MetaWild
Introduction
The MetaWild dataset is a multimodal benchmark designed to improve animal re-identification (Animal ReID) by integrating environmental metadata with visual data. Unlike existing datasets that rely solely on images, MetaWild includes 20,890 images spanning six representative species, each image is paired with metadata such as temperature and circadian rhythms, providing valuable context for distinguishing individual animals. Additionally, to facilitate the use of metadata in existing ReID methods, we propose the Meta-Feature Adapter (MFA), a lightweight module that can be incorporated into existing vision-language model (VLM)-based Animal ReID methods, allowing ReID models to leverage both environmental metadata and visual information to improve ReID performance. Our experiments on MetaWild show that incorporating metadata with MFA consistently improves ReID performance over using visual data alone. We hope that our benchmark can inspire further exploration of multimodal approaches for Animal ReID.
Data Availability
Our dataset is accessible through:
Supplementary Material
This section provides detailed supplementary materials to support the main findings presented in the MAAR project. Our supplementary materials are divided into two key sections:
-
Experiment Settings: This section provides a comprehensive description of the experimental setup used in our study, including details on the benchmark dataset, baseline models, evaluation metrics, and reproducibility information. For detailed information, please refer to the following link:
➡️ Supplementary Material - Experiment Settings and Reproducibility -
Ablation Study: This section presents the ablation study that explores the effect of various design choices and metadata features on ReID performance, please refer to the following link:
➡️ Supplementary Material - Ablation Study -
Future Direction and Community Impact: This section presents the future directions for the MetaWild project, including potential extensions, collaborations, and community engagement initiatives. For detailed information, please refer to the following link:
➡️ Supplementary Material - Future Direction
Meta-Feature Adapter (MFA)
To effectively leverage environmental metadata in Animal Re-Identification (ReID), we propose the Meta-Feature Adapter (MFA) — a lightweight, plug-and-play module designed to integrate textual metadata with visual representations. MFA is compatible with existing Vision-Language Models (VLMs) such as CLIP, and enables multimodal feature fusion by aligning textual metadata with visual features.

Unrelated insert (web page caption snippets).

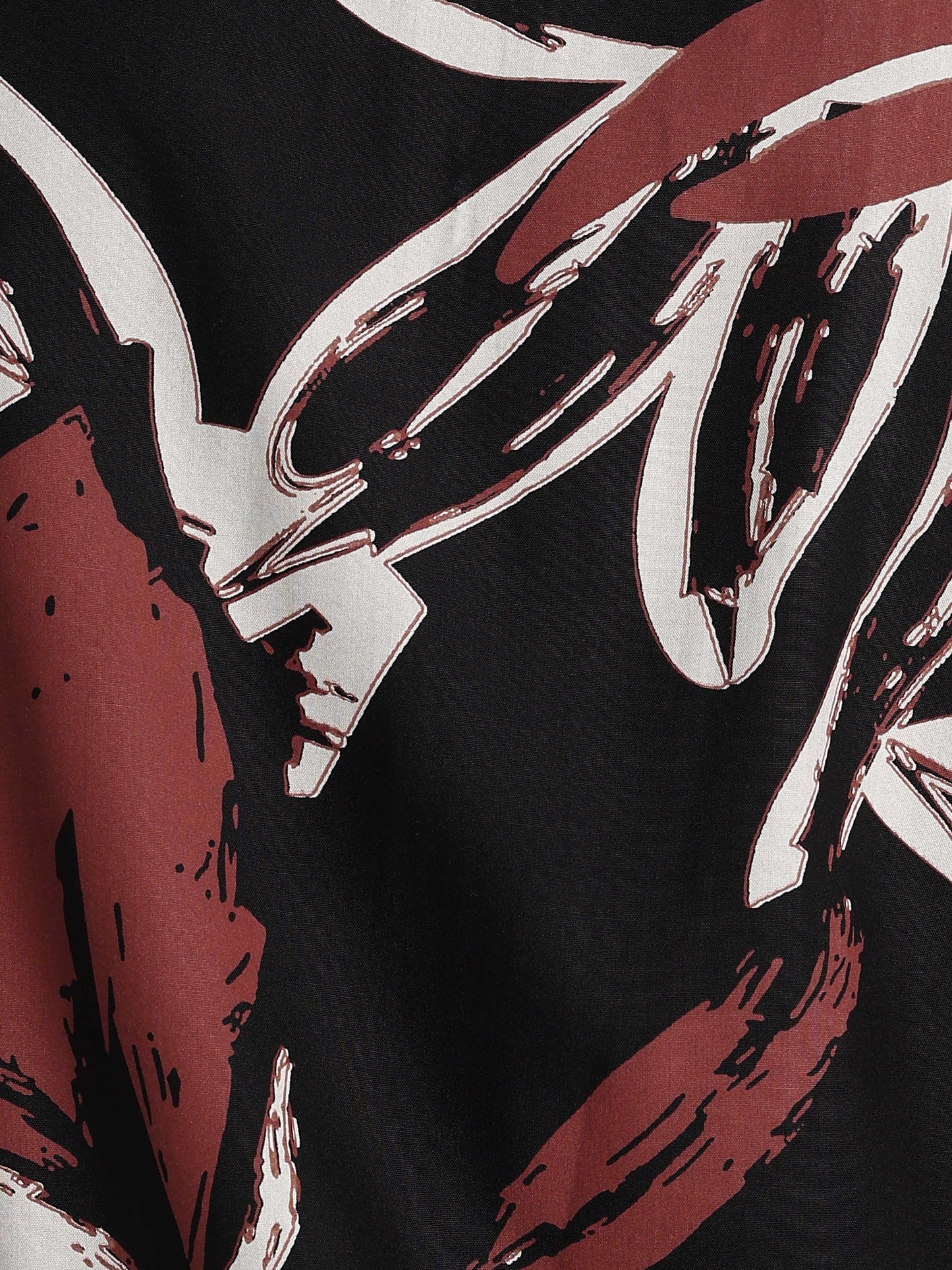Stylish Floral Printed Rayon Shirt Black White
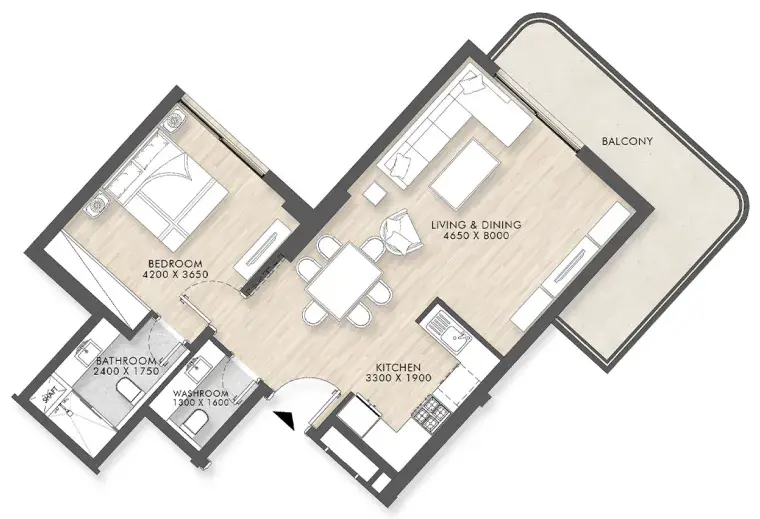 1 Bedroom apartments - Capital Horizon Terraces floor plan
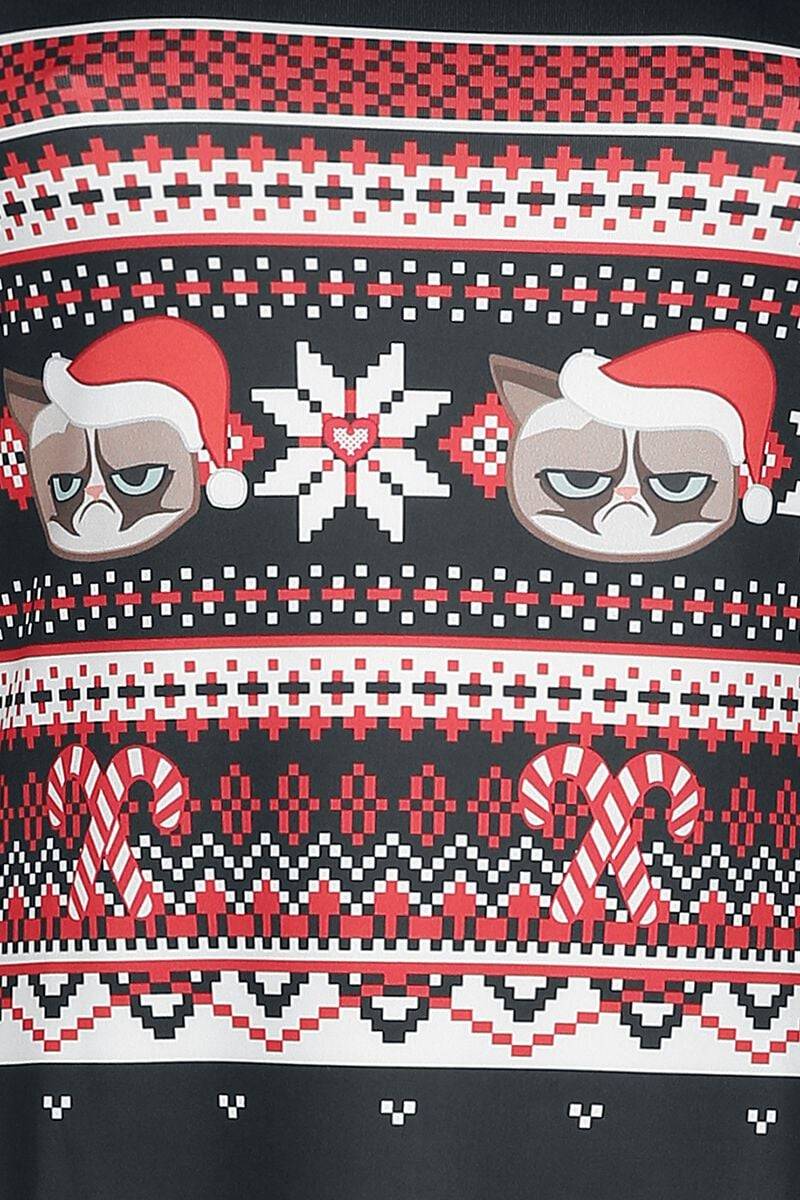 EMP "Grumpy X-Mas" Mittellanges Kleid Schwarz/rot/weiß Von Grumpy Cat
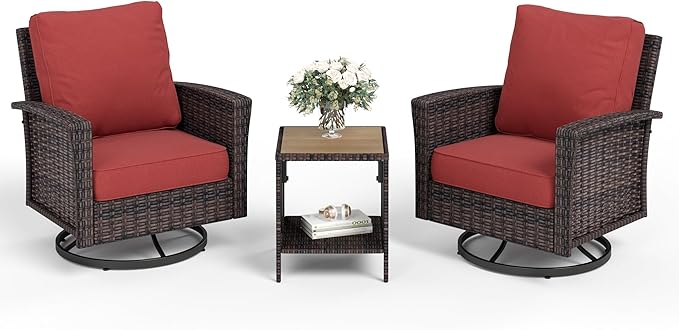 3 Piece Patio Furniture Set, Rattan Wicker Swivel Chairs Set of 2 with Side Table, 35" High Back Outdoor Conversation Set with Thick Cushions for Bistro Porch Poolside, Red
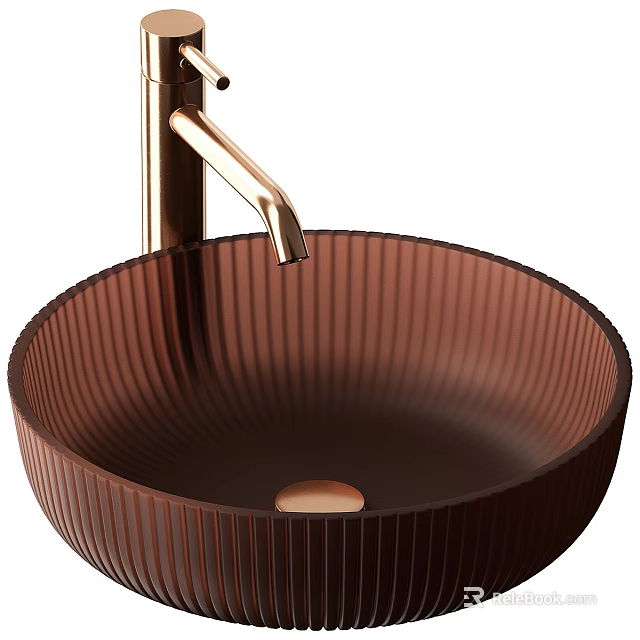 Brown Vertical Striped Washbasin With Golden Faucet And Modern Bathroom Design 3d model 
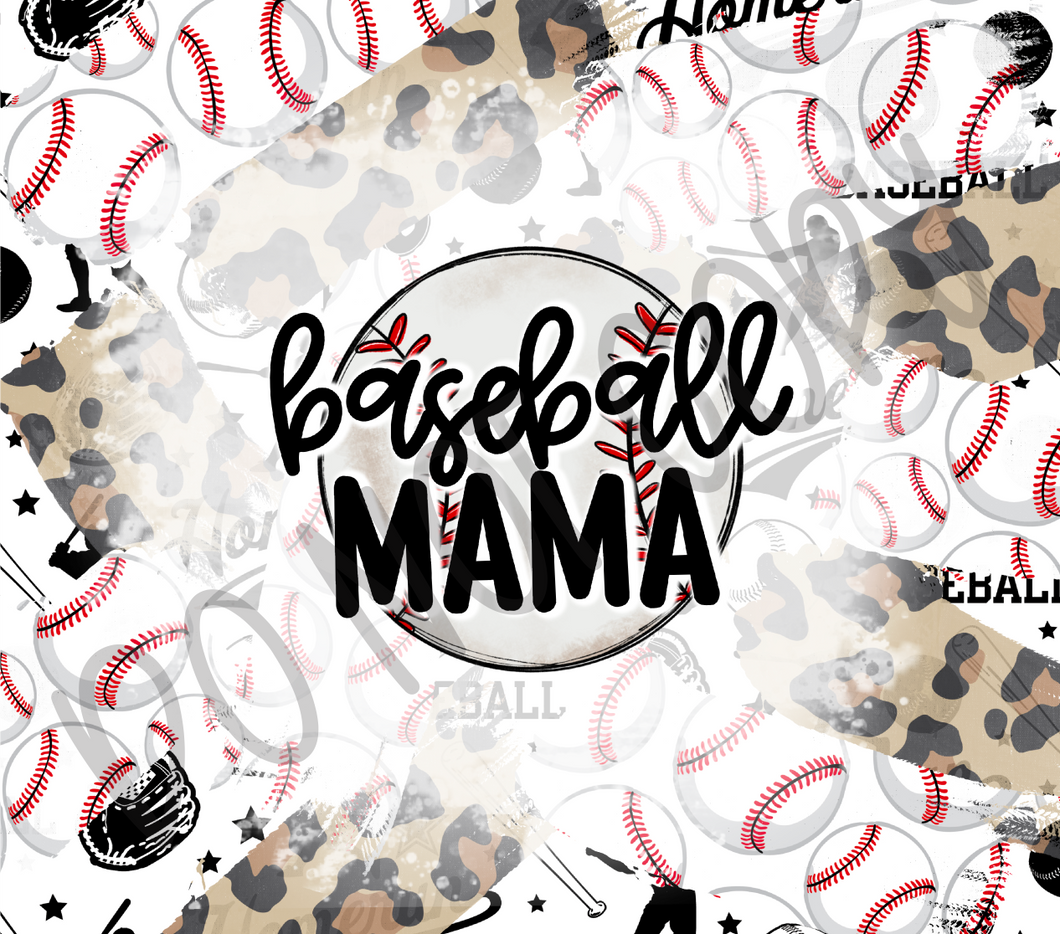 Baseball Mama Leopard & BaseBalls Brushstroke 20 oz Straight tumbler Sublimation Transfer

Figure 1: Overview of the MFA architecture integrating visual and metadata branches using feature experts and gated cross-attention.
Multimodal Integration Results
We evaluate the influence of environmental metadata on Animal ReID performance using the MetaWild dataset by incorporating MFA into existing ReID methods. Experimental results show that incorporating environmental metadata consistently improves ReID accuracy across multiple baseline methods and all six species.
Metadata Distribution Visualizations
To better understand the role of environmental context in Animal ReID, we analyze the distribution of three metadata types included in the MetaWild dataset: Temperature, Circadian Rhythms, and Face Orientation. These features are selected based on ecological relevance and their ability to provide identity-discriminative cues, especially when visual signals are ambiguous or incomplete.
Temperature Distribution
As shown in the raincloud plot, the temperature range under which animals are captured varies significantly across species:
- Deer tend to appear in higher temperature conditions (majority above 20°C), peaking at 22–27°C.
- Hares, Penguins, and Pūkeko are primarily observed under moderate temperatures (7–14°C).
- Stoats exhibit the broadest temperature range, from sub-zero to 21°C, suggesting strong environmental adaptability.
- Wallabies show substantial presence in colder conditions, including a small portion captured at −2°C and −1°C.
These inter-species temperature patterns allow metadata to serve as a latent domain cue, providing additional signal beyond visual appearance.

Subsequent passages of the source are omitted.